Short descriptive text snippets
════════

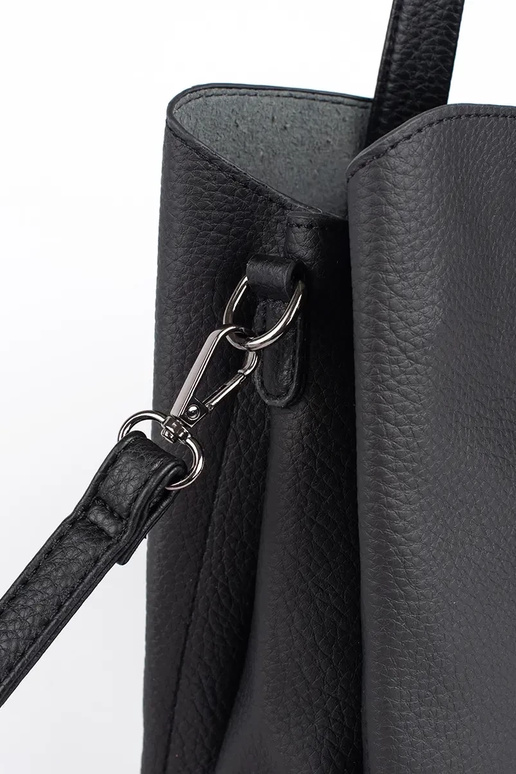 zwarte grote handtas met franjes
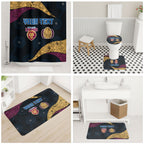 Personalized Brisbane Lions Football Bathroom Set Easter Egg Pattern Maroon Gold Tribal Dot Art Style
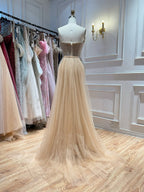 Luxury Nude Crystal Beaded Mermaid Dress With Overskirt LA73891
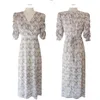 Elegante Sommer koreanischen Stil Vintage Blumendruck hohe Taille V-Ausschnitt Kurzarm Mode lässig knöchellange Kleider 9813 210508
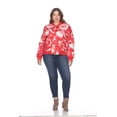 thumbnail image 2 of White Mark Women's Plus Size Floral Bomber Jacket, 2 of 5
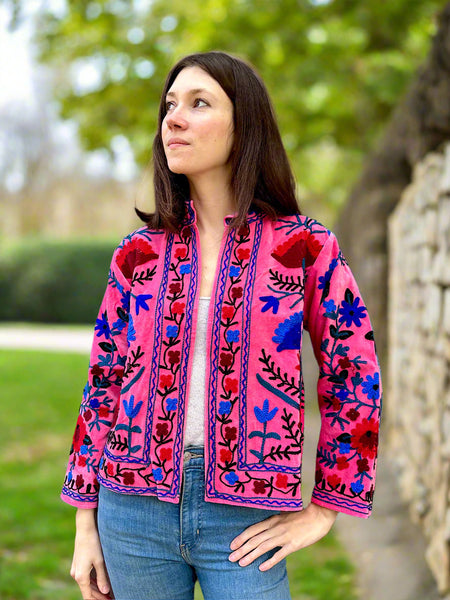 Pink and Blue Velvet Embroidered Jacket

════════

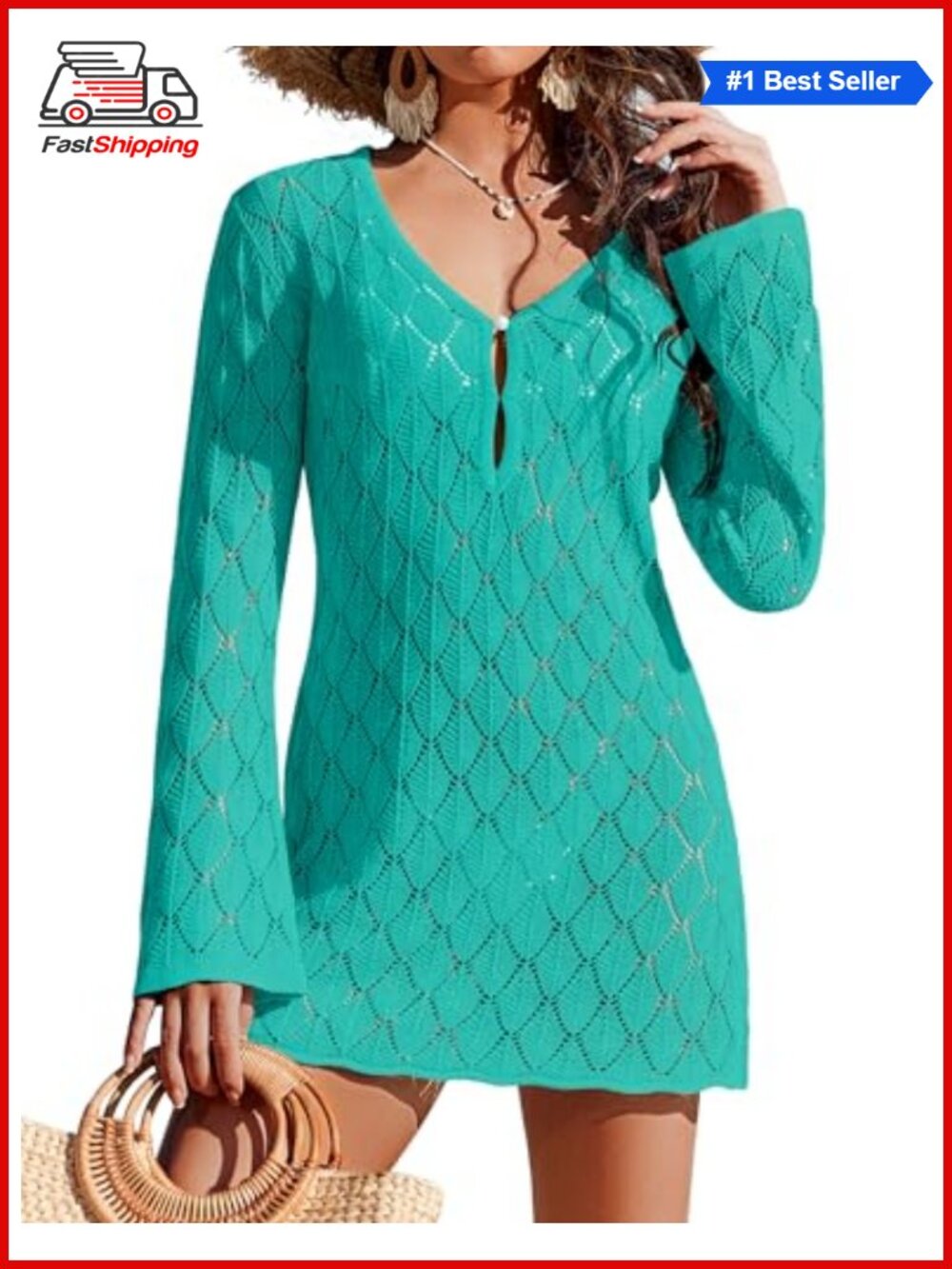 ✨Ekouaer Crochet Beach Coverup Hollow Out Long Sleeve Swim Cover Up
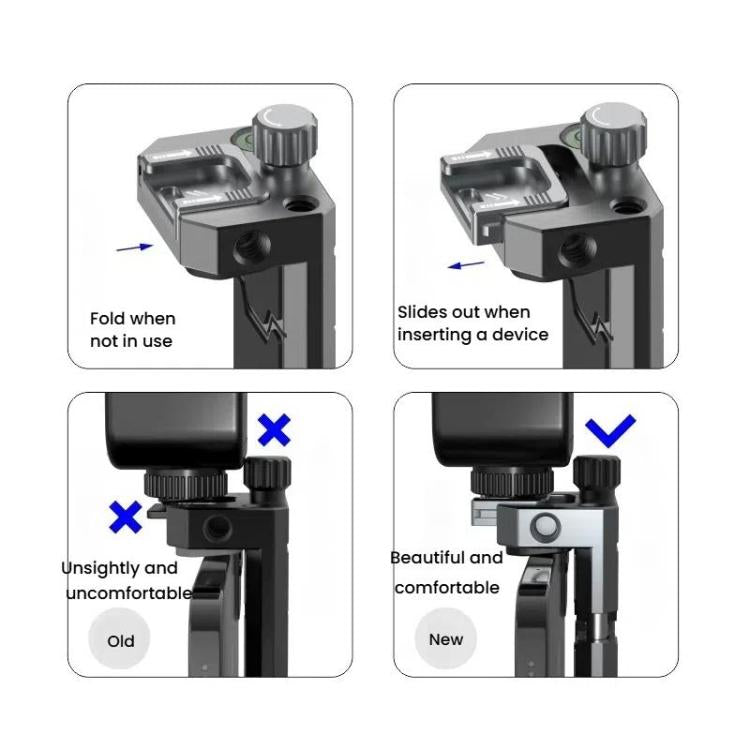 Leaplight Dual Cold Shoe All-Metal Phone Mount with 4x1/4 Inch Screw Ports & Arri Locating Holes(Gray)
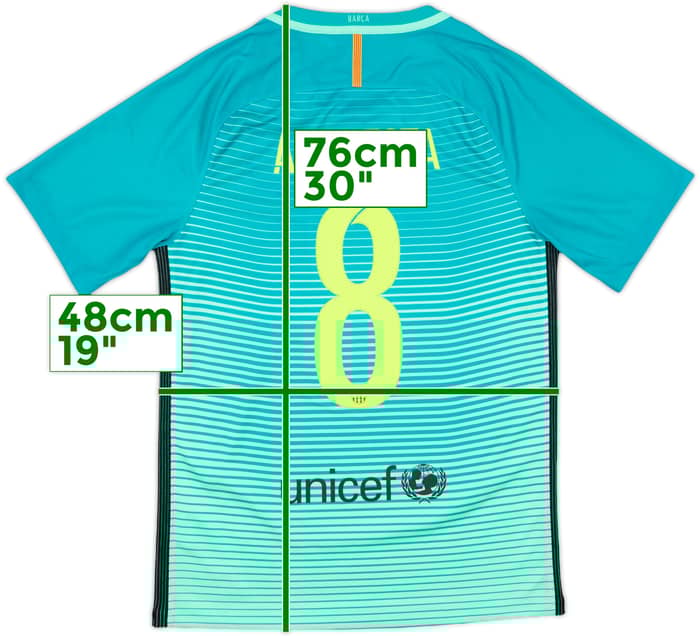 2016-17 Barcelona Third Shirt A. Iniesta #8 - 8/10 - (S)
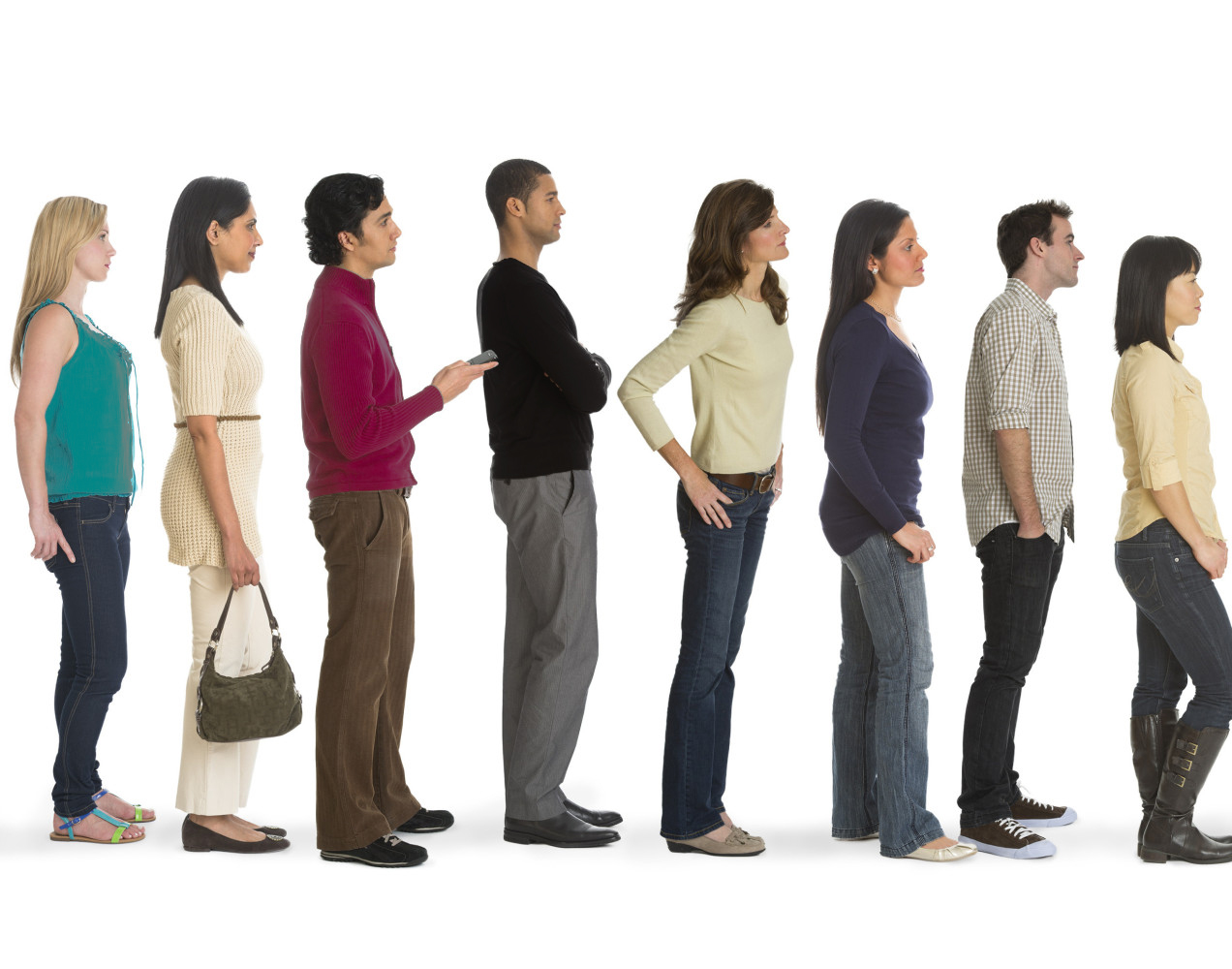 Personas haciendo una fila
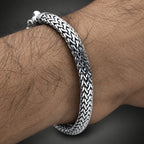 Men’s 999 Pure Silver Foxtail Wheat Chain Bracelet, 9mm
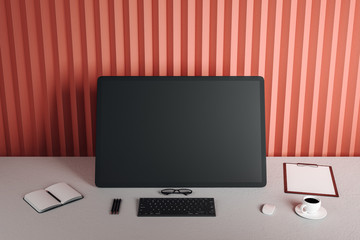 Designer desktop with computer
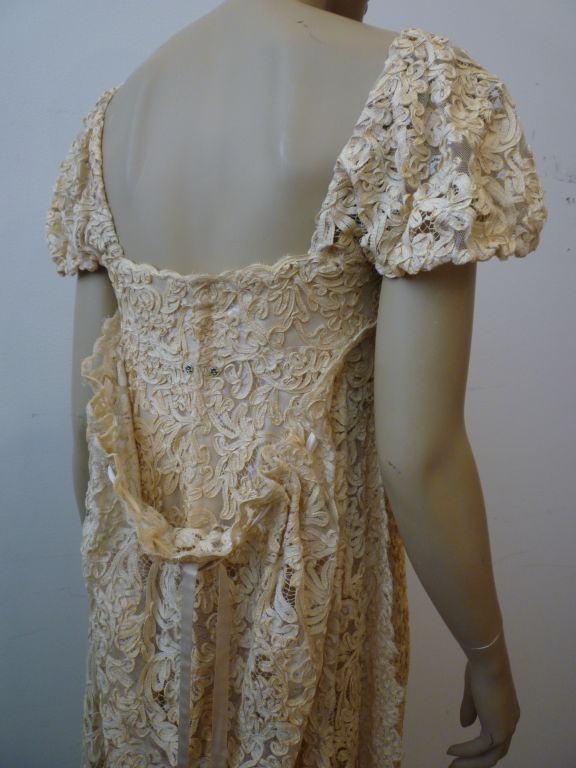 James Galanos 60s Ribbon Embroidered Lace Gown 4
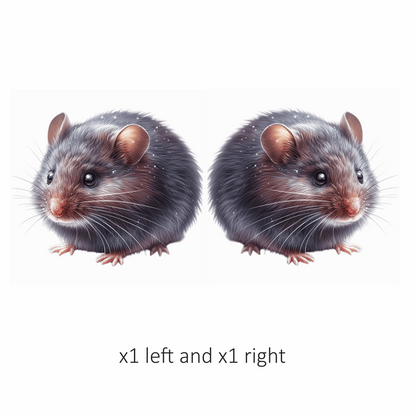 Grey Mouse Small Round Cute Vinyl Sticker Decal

════════

ABOUT THIS EXERCISE
Reproduce the lines above beginning at the line that contains "Swim Cover Up" and ending at the line that contains "Grey Mouse Small". No pictures.

RESULT FOR THIS TASK
 ✨Ekouaer Crochet Beach Coverup Hollow Out Long Sleeve Swim Cover Up
 Leaplight Dual Cold Shoe All-Metal Phone Mount with 4x1/4 Inch Screw Ports & Arri Locating Holes(Gray)
 2016-17 Barcelona Third Shirt A. Iniesta #8 - 8/10 - (S)
 Personas haciendo una fila
 Men’s 999 Pure Silver Foxtail Wheat Chain Bracelet, 9mm
 Designer desktop with computer
 James Galanos 60s Ribbon Embroidered Lace Gown 4
 Grey Mouse Small Round Cute Vinyl Sticker Decal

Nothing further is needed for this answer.